▶ **RECORDS FOR PROCESSING**

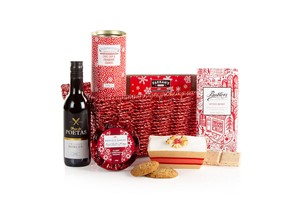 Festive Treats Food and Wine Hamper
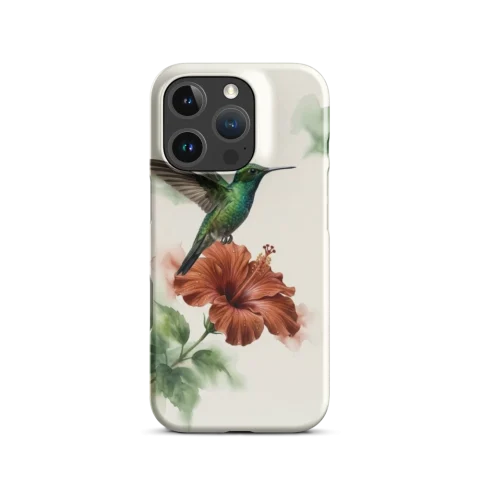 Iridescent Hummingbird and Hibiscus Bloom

---

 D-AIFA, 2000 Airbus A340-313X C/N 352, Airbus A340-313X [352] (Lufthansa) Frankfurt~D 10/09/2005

▶ **DESCRIPTION OF THE TASK**
From the records above, transcribe exactly the lines starting at the one containing "Festive Treats Food and Wine Hamper" and ending at the one containing "Iridescent Hummingbird and Hibiscus Bloom". Skip the pictures.

▶ **REPLY TO THE EXERCISE**
 Festive Treats Food and Wine Hamper
 Iridescent Hummingbird and Hibiscus Bloom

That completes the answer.